_Aim of the task_. An exact, complete copy of the entries below is required, minus any pictures.

_Study material_.
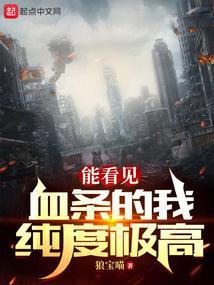 能看见血条的我纯度极高百度百科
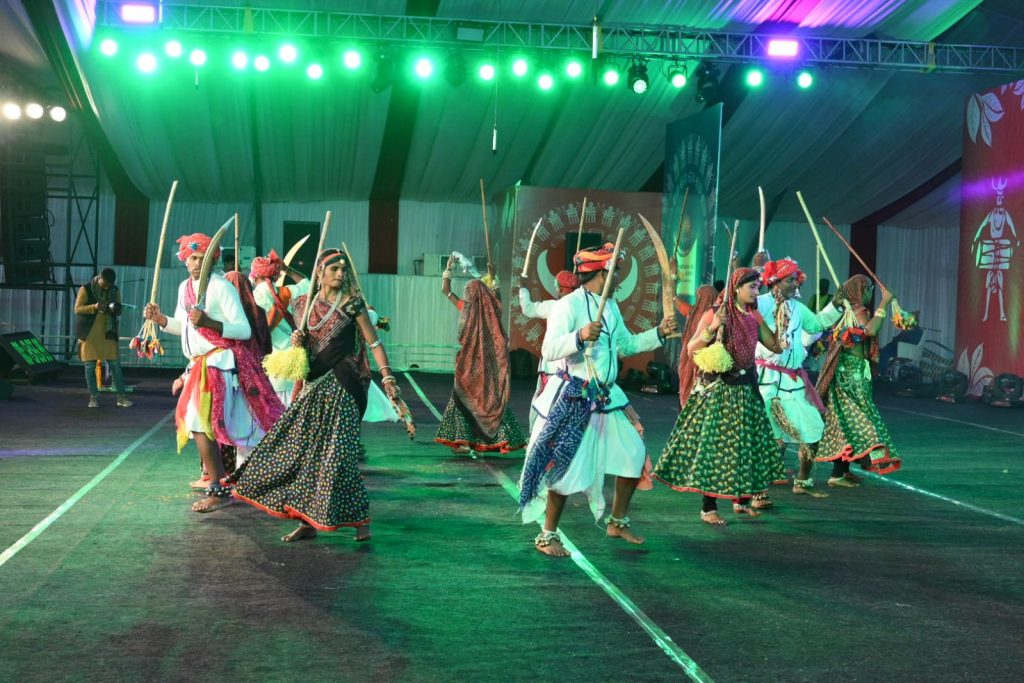 National Tribal Dance Festival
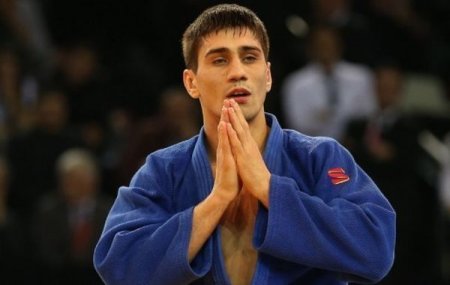 “World Masters”də növbəti medalı Rüstəm Orucov qazandı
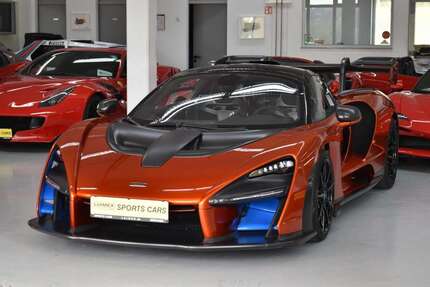 Nissan Senna 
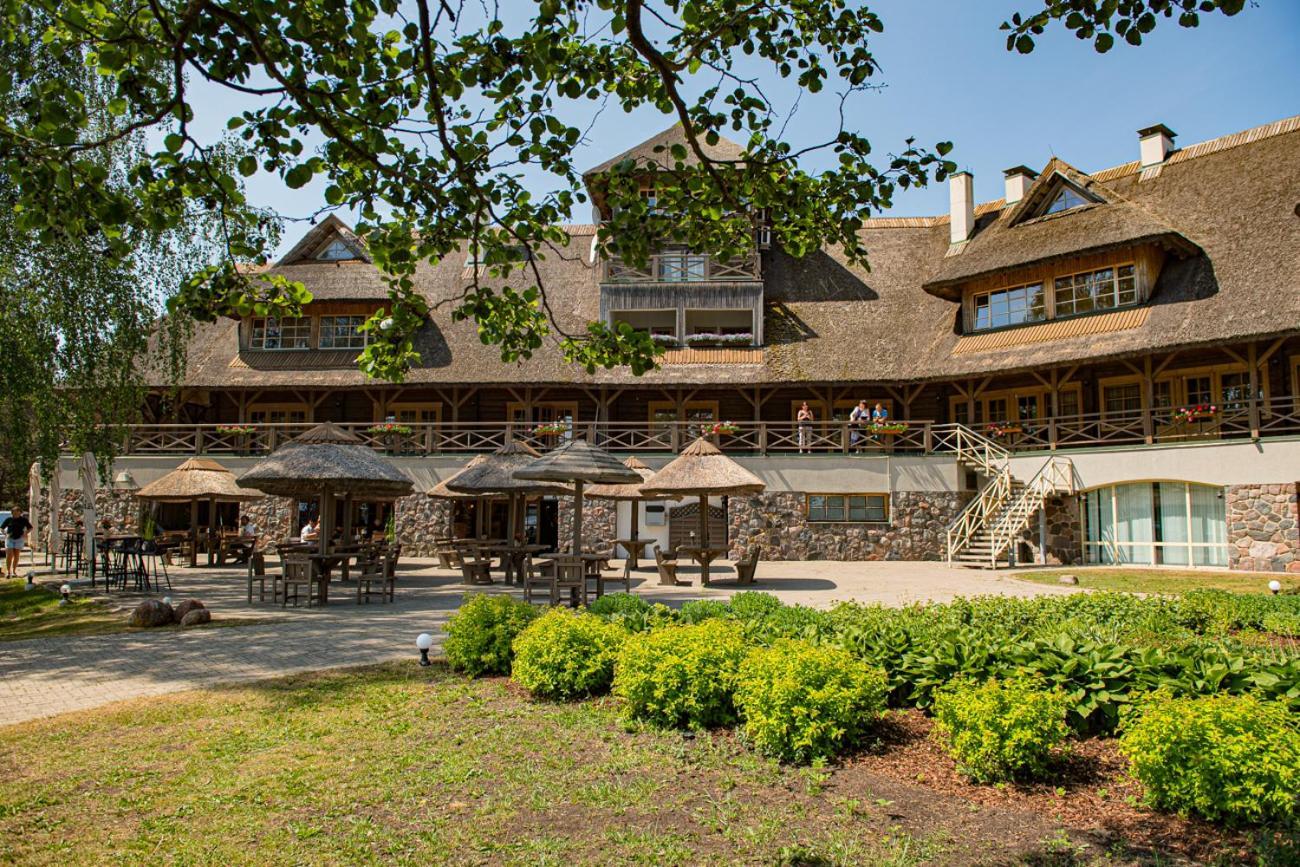 Porto Resort Lilaste Exterior foto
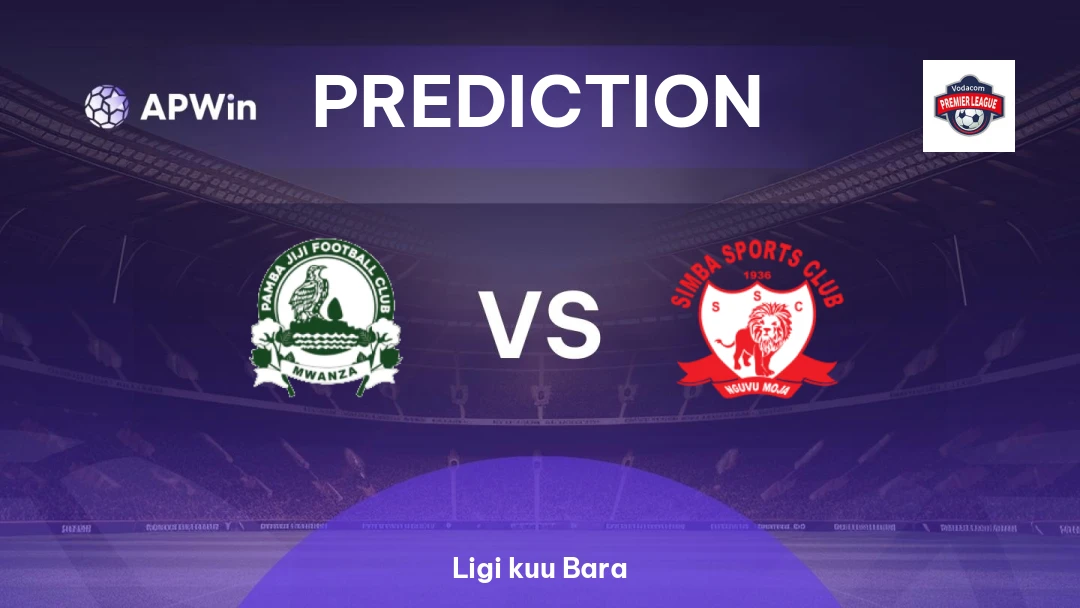 Pamba Jiji vs Simba Thumbnail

_Solution_.
 能看见血条的我纯度极高百度百科
 National Tribal Dance Festival
 “World Masters”də növbəti medalı Rüstəm Orucov qazandı
 Nissan Senna 
 Porto Resort Lilaste Exterior foto
 Pamba Jiji vs Simba Thumbnail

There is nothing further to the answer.